Look through the listing below for the line containing "Red Used 2024". Copy it and each line after it up to and including the line containing "Leia High Rise Denim", exactly, leaving out pictures.

> _DATA LISTING_
Content starts
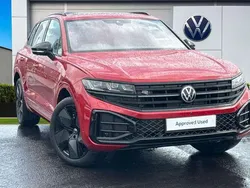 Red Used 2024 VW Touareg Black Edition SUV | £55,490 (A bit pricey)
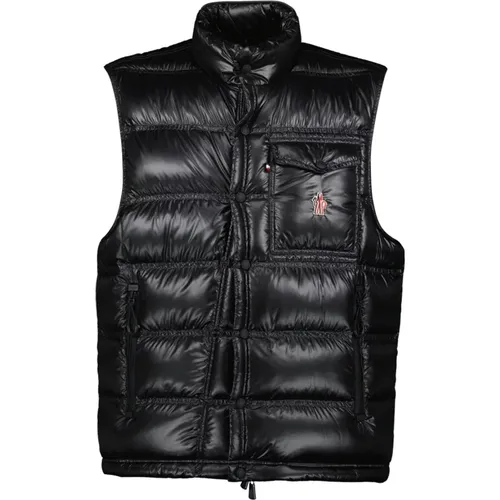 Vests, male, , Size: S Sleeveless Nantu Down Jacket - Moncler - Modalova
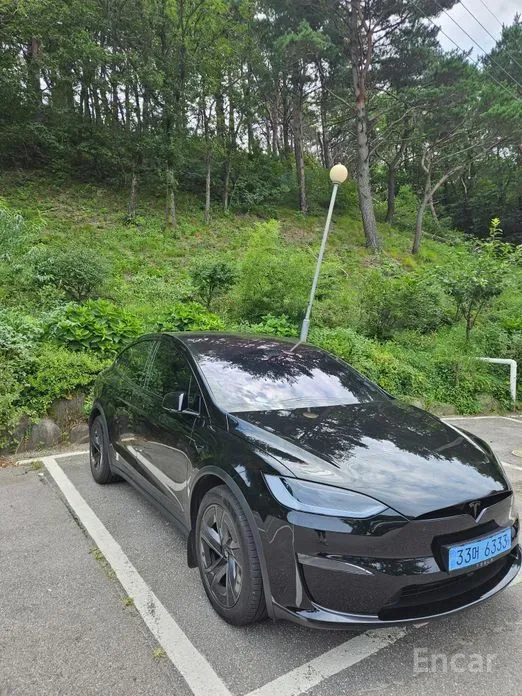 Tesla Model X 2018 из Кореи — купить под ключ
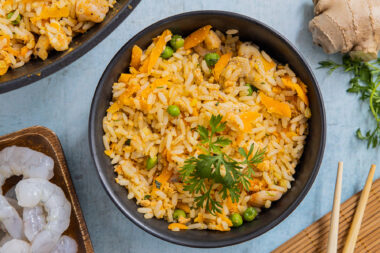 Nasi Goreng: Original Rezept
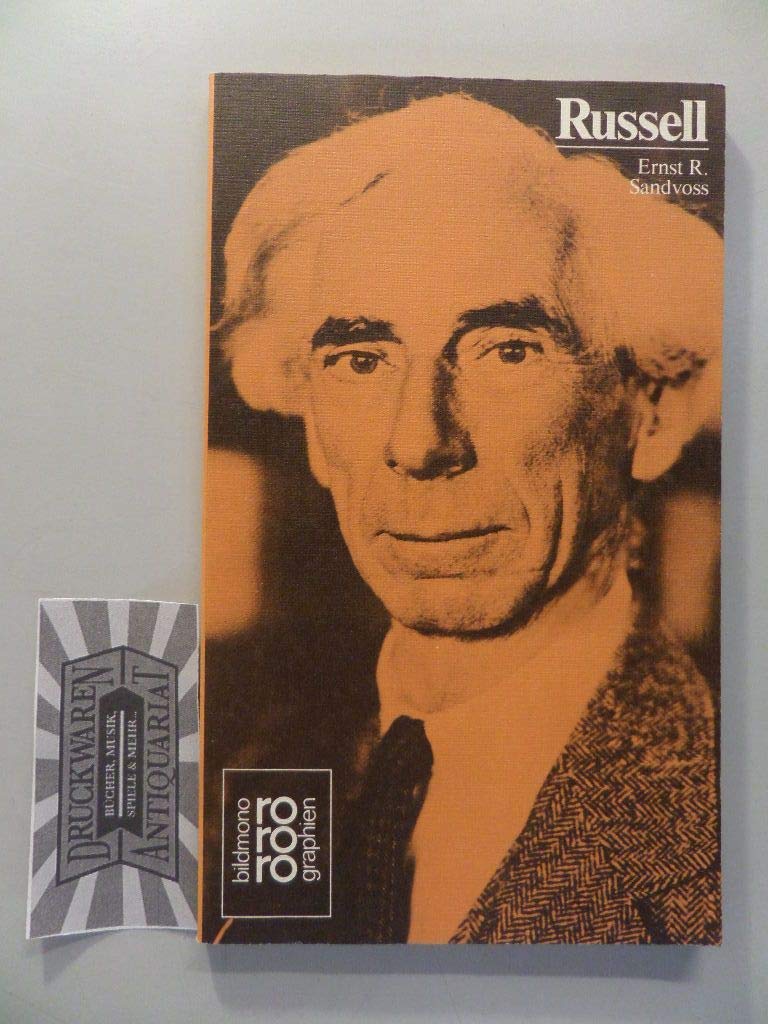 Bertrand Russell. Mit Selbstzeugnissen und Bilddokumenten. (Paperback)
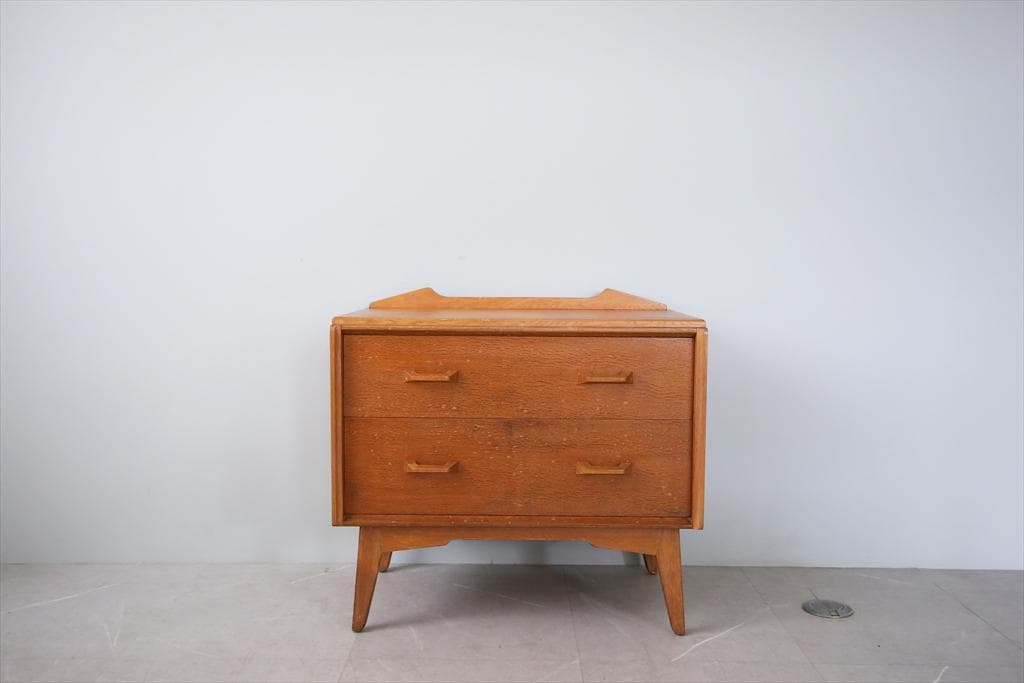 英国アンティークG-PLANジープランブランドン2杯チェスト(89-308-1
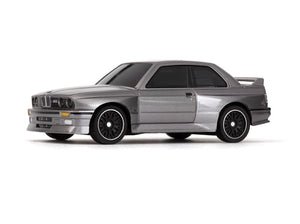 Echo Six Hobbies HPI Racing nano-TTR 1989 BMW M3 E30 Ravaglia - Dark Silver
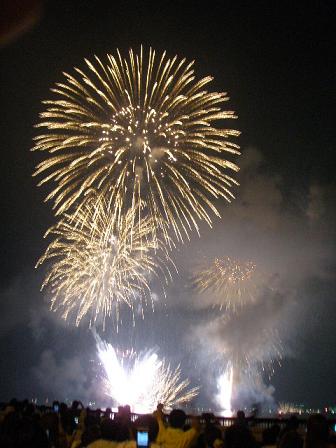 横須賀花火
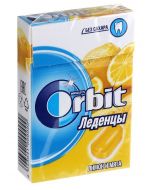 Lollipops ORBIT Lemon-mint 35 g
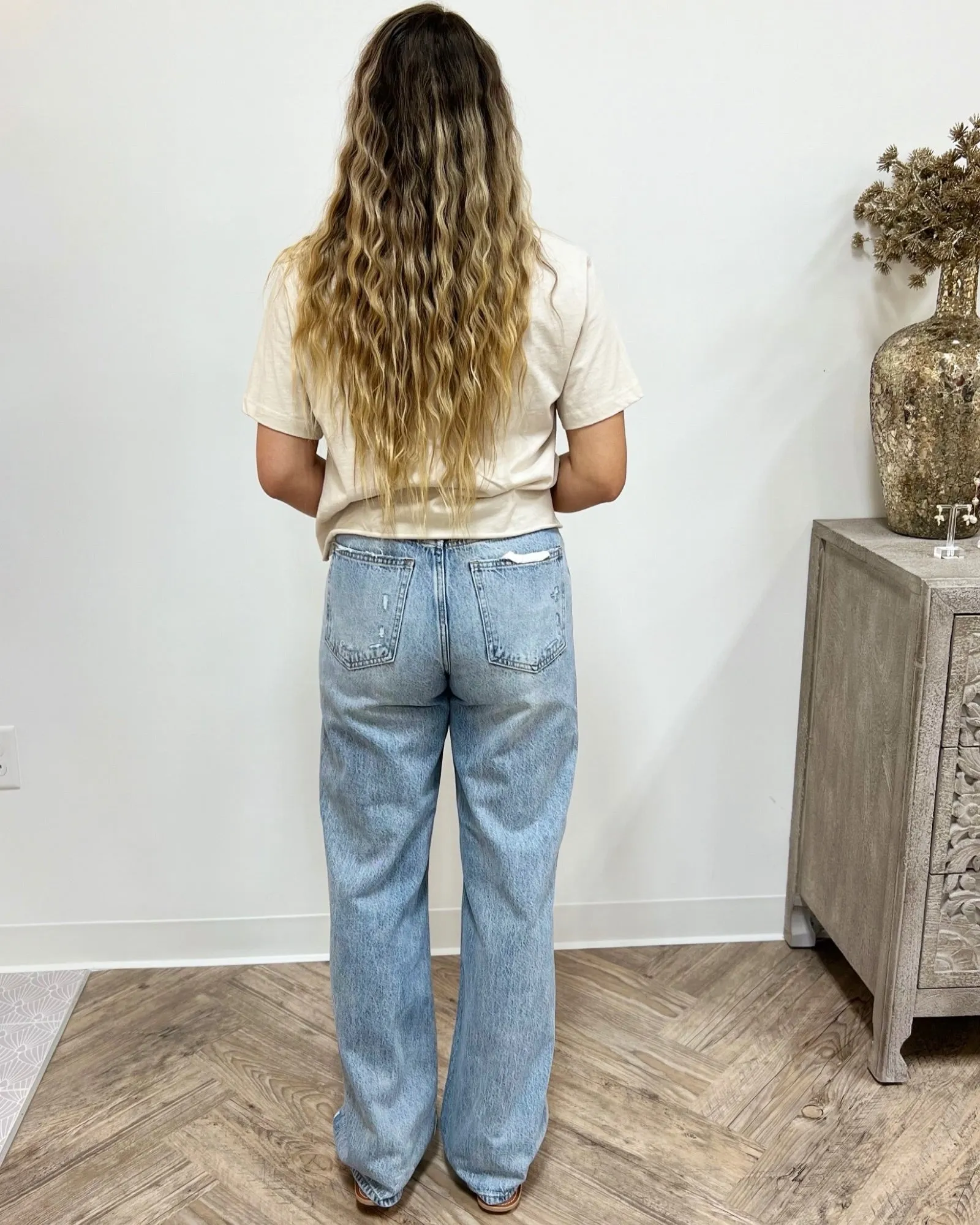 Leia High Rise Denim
Content ends
Content starts
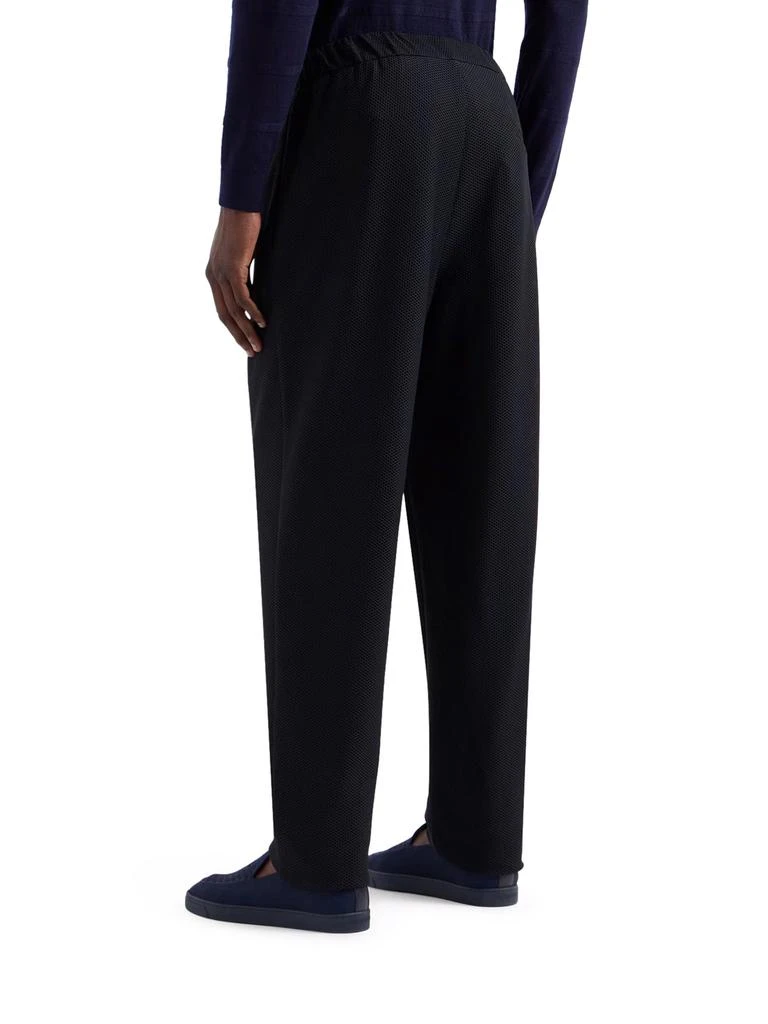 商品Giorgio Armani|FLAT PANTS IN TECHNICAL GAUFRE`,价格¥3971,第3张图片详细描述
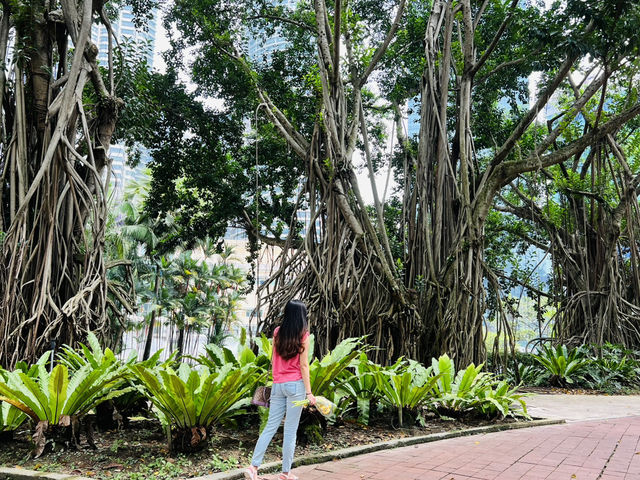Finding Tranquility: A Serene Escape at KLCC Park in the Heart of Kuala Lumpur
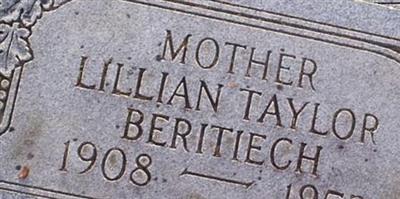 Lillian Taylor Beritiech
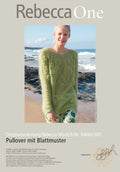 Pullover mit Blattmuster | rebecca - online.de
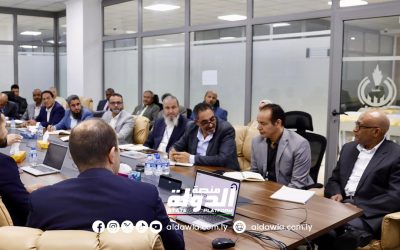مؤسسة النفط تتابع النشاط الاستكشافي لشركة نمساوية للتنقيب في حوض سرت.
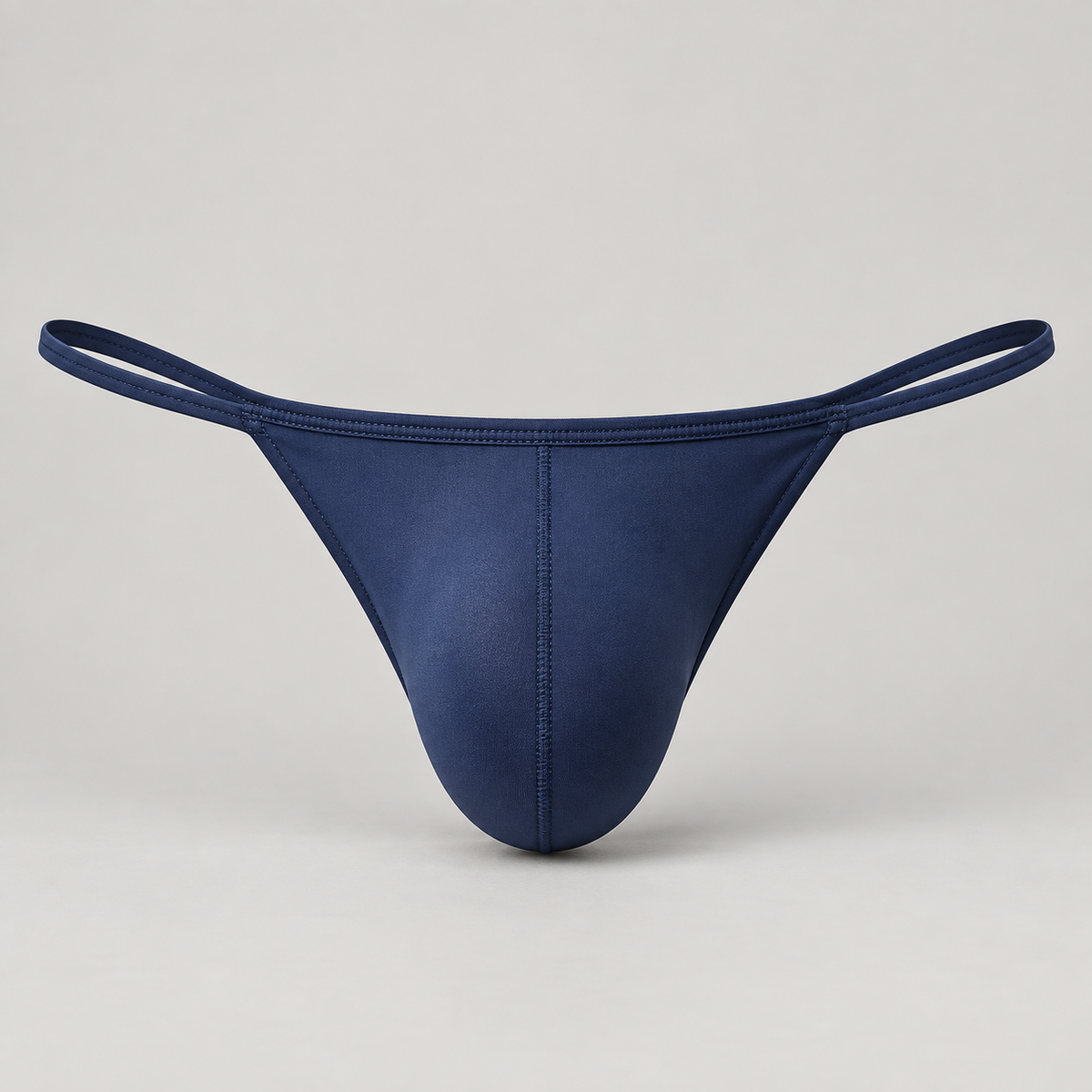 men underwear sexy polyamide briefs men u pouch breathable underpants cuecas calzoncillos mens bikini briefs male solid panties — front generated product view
Content ends
Content starts
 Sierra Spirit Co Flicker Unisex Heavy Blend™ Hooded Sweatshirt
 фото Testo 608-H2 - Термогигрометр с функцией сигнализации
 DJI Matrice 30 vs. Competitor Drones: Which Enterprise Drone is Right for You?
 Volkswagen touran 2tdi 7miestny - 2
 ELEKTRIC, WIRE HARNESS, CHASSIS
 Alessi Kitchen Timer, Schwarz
Content ends
> _RESULT FOR THIS TASK_
 Red Used 2024 VW Touareg Black Edition SUV | £55,490 (A bit pricey)
 Vests, male, , Size: S Sleeveless Nantu Down Jacket - Moncler - Modalova
 Tesla Model X 2018 из Кореи — купить под ключ
 Nasi Goreng: Original Rezept
 Bertrand Russell. Mit Selbstzeugnissen und Bilddokumenten. (Paperback)
 英国アンティークG-PLANジープランブランドン2杯チェスト(89-308-1
 Echo Six Hobbies HPI Racing nano-TTR 1989 BMW M3 E30 Ravaglia - Dark Silver
 横須賀花火
 Lollipops ORBIT Lemon-mint 35 g
 Leia High Rise Denim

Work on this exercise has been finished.